Apple's rival, Huawei's K3, has been developing its own baseband chip since 2006, both as a fallback and by chance.
Oct 07, 2022| Apple's rival, Huawei's K3, has been developing its own baseband chip since 2006, both as a "fallback" and by chance.
In 2004, Huawei established HisI Semiconductor, a wholly-owned subsidiary, which initially approved products including SIM cards, set-top box chips, video codec chips, security monitoring chips and so on.

In particular, the research and development of video chips has accumulated experience for Huawei application processors.

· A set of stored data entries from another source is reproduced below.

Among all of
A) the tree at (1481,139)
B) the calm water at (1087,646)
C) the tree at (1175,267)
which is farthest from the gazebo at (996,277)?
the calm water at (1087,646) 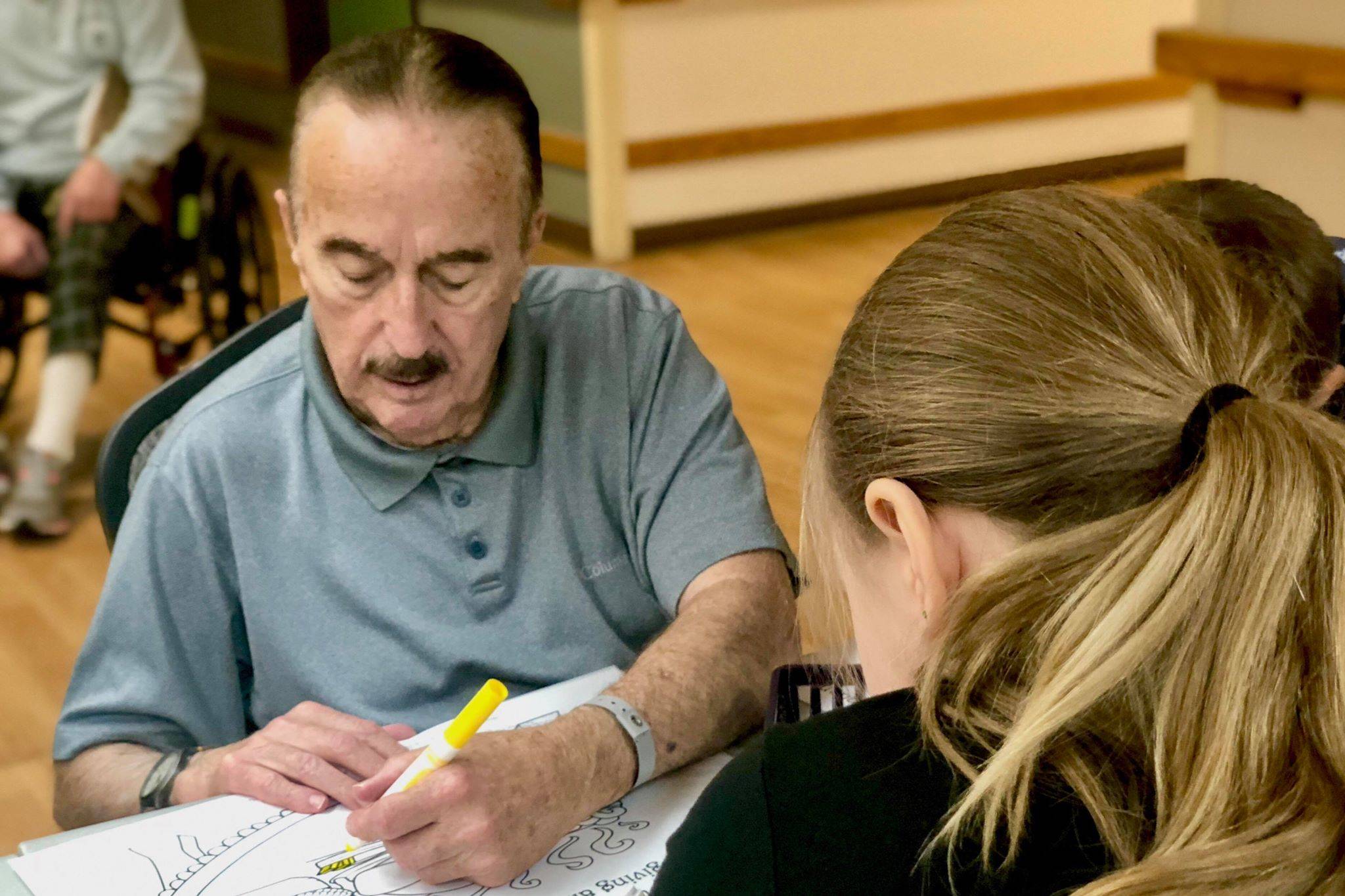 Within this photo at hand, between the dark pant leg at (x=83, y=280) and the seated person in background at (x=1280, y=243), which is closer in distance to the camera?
the seated person in background at (x=1280, y=243)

Baseband chips, which are crucial to phones, are the result of Huawei's relationship with Qualcomm. One of Huawei's main products at that time was the 3G data card, also known as the 3G network card, which was a must-have for business travelers. Due to supply reasons, Huawei 3G data card baseband chip is often blocked by Qualcomm, resolutely decided to develop data card chip.
In 2009, Huawei released its first mobile application chip, the K3V1 (Hi3611), which was based in part on its own GSM base station technology and integrated with an EDGE modem, known as "2.5G." Haisi K3V1 is taking the line of Mediatek, starting from the entry machine, copycat machine.

Unfortunately, K3V1, which aims at the low-end market, cannot compete with Mediatek and Spreadtrum, which have mature solutions. The product competitiveness is not strong, and Huawei is not optimistic about it. Finally, only a few phones are equipped with K3V1, such as the following Huawei C8300 equipped with Windows Mobile.
Fortunately, Huawei did not throw up its hands in response to this blow.